▸ **YOUR ASSIGNMENT**: Beginning at the line containing "2021抖音粤语歌曲排行榜" in the material below and ending at the line containing "Pet is CEO W T-Shirt", return each line exactly and add nothing.

▸ **DATA FOR THE TASK**:
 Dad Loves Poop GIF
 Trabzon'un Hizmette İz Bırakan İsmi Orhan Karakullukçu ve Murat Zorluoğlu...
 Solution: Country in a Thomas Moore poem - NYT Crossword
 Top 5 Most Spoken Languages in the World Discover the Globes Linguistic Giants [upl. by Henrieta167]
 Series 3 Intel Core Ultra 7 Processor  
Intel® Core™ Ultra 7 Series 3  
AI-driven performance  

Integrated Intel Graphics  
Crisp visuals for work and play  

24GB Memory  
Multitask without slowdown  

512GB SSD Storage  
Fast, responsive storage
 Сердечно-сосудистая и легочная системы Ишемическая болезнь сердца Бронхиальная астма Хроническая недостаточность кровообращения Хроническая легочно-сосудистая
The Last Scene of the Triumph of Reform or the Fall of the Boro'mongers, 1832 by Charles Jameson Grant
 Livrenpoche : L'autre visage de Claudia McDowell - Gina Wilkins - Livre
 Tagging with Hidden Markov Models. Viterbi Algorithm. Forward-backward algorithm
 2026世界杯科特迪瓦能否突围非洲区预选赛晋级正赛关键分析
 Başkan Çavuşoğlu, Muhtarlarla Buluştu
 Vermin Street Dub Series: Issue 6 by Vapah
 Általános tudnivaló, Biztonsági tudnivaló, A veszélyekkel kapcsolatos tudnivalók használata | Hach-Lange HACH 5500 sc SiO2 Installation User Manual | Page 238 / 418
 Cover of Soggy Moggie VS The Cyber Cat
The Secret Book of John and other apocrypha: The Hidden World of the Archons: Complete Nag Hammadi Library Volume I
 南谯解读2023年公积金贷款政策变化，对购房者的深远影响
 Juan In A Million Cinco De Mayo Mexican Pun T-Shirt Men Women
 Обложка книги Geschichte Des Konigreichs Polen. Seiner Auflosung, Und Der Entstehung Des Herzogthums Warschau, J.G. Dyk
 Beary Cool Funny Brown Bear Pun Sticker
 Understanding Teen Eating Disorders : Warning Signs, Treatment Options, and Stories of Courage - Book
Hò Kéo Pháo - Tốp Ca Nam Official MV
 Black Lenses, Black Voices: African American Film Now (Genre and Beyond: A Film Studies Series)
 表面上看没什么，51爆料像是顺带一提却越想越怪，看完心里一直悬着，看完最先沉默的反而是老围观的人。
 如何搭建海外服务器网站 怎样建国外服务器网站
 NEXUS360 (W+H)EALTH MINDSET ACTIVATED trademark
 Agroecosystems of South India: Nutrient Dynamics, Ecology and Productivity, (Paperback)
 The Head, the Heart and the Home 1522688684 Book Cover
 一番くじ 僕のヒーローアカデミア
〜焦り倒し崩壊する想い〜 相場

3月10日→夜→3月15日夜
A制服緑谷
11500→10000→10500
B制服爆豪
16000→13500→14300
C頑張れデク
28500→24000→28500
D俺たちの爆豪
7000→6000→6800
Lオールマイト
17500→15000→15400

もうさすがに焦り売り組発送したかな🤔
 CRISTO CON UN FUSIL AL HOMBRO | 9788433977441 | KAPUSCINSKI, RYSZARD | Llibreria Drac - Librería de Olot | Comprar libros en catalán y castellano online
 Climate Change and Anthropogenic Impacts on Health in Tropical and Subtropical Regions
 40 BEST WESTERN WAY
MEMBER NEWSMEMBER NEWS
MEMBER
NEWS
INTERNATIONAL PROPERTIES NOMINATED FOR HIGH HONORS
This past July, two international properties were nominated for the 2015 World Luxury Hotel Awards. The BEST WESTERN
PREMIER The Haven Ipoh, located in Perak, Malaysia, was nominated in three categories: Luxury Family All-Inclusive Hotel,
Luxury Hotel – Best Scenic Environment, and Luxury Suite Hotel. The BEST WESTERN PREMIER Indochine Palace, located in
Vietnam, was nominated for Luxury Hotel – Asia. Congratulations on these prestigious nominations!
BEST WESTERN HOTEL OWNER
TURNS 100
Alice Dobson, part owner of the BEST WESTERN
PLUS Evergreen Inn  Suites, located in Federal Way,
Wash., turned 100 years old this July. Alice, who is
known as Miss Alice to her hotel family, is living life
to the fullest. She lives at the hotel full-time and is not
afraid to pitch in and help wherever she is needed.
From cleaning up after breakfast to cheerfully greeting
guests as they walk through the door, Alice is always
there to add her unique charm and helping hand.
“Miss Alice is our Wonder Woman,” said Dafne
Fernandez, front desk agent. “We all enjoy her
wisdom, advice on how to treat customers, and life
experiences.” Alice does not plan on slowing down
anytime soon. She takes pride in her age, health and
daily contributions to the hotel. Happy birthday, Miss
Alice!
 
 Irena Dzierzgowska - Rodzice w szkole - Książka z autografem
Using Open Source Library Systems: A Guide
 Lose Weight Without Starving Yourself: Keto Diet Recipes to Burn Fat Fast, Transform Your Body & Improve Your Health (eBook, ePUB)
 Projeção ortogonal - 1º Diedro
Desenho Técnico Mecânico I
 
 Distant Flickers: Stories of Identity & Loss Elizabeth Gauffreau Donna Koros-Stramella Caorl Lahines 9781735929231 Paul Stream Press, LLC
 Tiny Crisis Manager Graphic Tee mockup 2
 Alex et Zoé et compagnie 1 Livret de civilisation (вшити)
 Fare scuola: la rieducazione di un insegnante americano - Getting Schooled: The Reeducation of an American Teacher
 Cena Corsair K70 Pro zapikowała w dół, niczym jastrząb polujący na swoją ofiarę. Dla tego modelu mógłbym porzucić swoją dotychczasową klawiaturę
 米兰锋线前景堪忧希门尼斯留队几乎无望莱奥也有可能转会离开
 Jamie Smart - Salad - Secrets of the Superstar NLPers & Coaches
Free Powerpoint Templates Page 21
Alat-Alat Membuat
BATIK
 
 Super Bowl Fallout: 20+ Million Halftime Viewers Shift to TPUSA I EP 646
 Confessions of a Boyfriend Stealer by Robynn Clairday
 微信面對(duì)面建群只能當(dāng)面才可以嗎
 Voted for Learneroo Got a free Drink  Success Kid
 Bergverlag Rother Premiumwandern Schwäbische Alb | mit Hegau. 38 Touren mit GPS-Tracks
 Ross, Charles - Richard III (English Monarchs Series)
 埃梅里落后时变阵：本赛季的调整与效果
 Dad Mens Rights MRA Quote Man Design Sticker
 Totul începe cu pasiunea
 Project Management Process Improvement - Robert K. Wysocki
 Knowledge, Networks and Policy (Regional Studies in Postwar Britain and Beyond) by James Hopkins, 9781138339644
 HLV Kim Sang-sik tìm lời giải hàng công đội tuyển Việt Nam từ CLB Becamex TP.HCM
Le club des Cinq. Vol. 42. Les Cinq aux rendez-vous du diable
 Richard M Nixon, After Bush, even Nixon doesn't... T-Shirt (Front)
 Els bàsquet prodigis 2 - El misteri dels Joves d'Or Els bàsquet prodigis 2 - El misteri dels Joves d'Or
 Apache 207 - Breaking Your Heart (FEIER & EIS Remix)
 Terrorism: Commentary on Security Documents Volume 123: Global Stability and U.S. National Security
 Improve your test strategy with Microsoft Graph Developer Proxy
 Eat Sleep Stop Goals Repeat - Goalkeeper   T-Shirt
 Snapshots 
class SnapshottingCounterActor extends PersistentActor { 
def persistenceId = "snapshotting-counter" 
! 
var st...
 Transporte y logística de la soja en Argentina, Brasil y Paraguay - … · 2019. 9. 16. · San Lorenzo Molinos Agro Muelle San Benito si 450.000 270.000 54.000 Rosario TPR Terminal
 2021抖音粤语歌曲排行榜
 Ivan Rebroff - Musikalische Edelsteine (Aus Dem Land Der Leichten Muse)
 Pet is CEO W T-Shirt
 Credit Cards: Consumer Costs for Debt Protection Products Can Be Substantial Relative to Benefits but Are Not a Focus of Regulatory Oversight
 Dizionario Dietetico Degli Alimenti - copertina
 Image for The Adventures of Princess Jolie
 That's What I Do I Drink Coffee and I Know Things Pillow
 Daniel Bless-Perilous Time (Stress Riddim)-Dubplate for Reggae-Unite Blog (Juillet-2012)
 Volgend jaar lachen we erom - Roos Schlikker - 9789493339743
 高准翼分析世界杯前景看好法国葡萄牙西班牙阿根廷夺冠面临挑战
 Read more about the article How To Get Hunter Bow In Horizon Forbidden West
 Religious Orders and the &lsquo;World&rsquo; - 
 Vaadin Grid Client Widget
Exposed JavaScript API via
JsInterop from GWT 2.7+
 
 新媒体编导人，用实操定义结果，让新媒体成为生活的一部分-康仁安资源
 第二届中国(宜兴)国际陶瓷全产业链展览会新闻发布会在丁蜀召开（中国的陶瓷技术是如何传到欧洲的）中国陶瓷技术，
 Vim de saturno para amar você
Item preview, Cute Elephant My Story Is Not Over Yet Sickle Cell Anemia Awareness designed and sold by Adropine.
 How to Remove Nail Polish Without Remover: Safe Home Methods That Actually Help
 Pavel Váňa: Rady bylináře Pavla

▸ **SOLUTION TO THIS TASK**:
 2021抖音粤语歌曲排行榜
 Ivan Rebroff - Musikalische Edelsteine (Aus Dem Land Der Leichten Muse)
 Pet is CEO W T-Shirt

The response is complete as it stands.